Introducing Crunchy Data Warehouse: A next-generation Postgres-native data warehouse. Crunchy Data Warehouse Learn more

Preprocessing Data for Spatial Analysis with PostGIS and PL/R

Avatar for Joe Conway

Joe Conway

15 min read

This is the second in a series of posts intended to introduce PostgreSQL users to PL/R, a loadable procedural language that enables a user to write user-defined SQL functions in the R programming language.  This post builds on the example introduced in the initial post by demonstrating the steps associated with preprocessing the Normalized Difference Vegetation Index (NDVI) satellite raster data in preparation for spatial analytics.

The first post in this series provided users with an introduction, and discussed acquisition of administrative area boundary polygons (USA states and counties) and geocoding using PostGIS, R and PL/R. This post will walk through preprocessing of NDVI satellite raster data in preparation for spatial analytics. The forthcoming final post of this series will provide sample use of R Functions against the NDVI dataset.

As introduced in the initial post, the combination of PostGIS and R provides users with the ability to leverage the power and efficiency of the worlds most advanced open source database to perform powerful spatial analytics using the rich analytic functionality of R.

Example Overview and Setup

This series of posts uses NDVI data from the moderate-resolution imaging spectroradiometer (MODIS) made available by the United States Geologic Survey (USGS). This data is used to demonstrate analytic operations including:

  • Determining Average NDVI for a Particular Location Over Time
  • Visualize Average NDVI for a Particular Location Over Time with ggplot
  • Visualize Average NDVI for a Particular Location by Month
  • Visualize Same Month Average NDVI for a Particular Location by Year

For information regarding the background for this analysis and the example set up, please take a moment to review the initial post in this series.

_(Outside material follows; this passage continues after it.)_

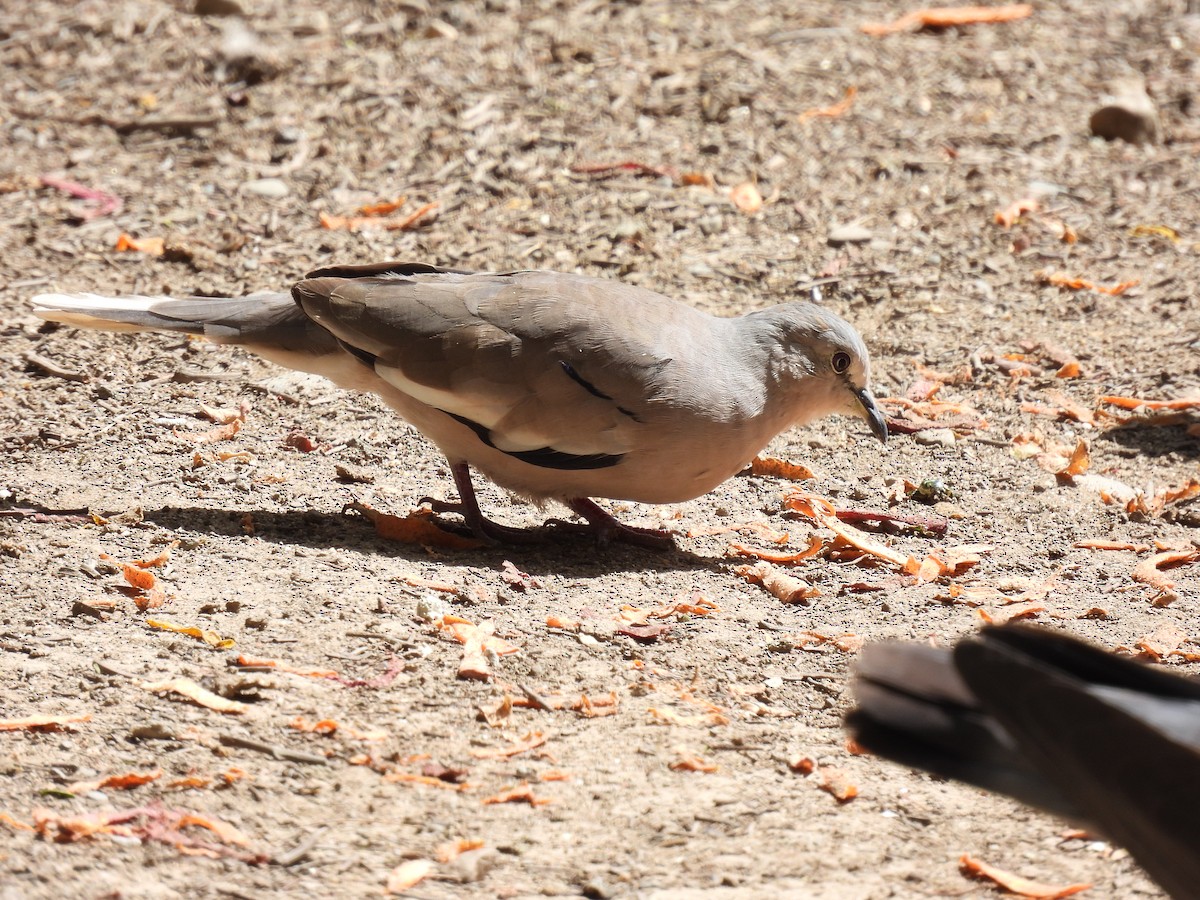 Picui Ground Dove - Jorge Alcalá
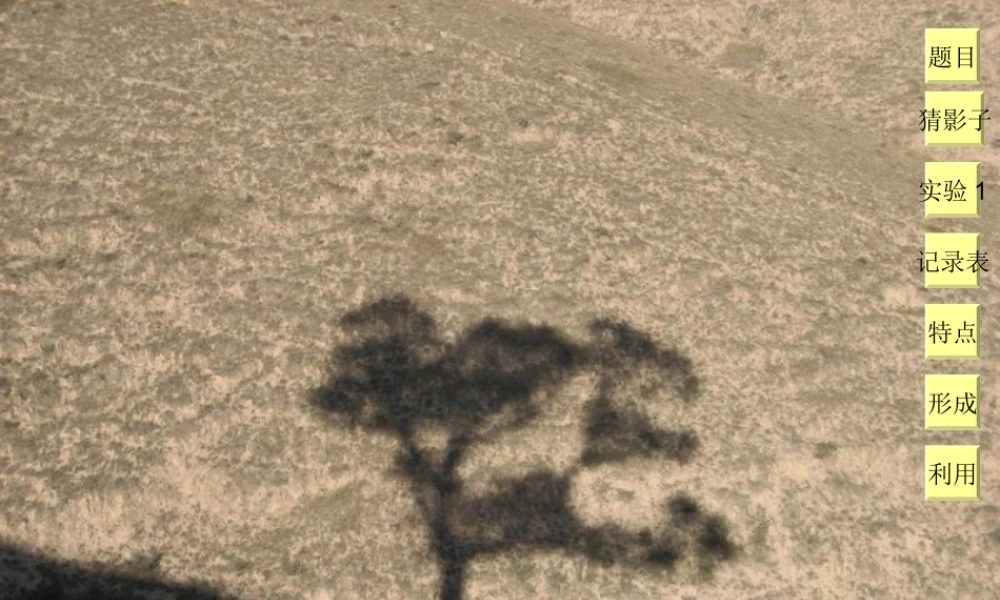 教科小学科学五上《2.2、阳光下的影子》PPT课件(8)【加微信公众号 jiaoxuewuyou 九折优惠 qq 1119139686】.ppt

Plotting Points of Interest

The initial post in this series demonstrated the process of acquiring the geometric shapes representing administrative boundaries, specifically USA states and counties, and storing those as a spatial multipolygon layer. Further, we saw how to geocode airport address data, providing a “Points of Interest” spatial points layer.  With the geocoding complete, it is possible to use an R function to plot both the San Diego county administrative boundaries and the Points of Interest layer we just created. The R function used in this example is suitable for use during interactive data exploration from an R client. It is worth noting that while this example uses a pure R function, this R function can be trivially converted to a PL/R function by replacing the R function decoration syntax (function name, arguments, end of function) with those of PostgreSQL.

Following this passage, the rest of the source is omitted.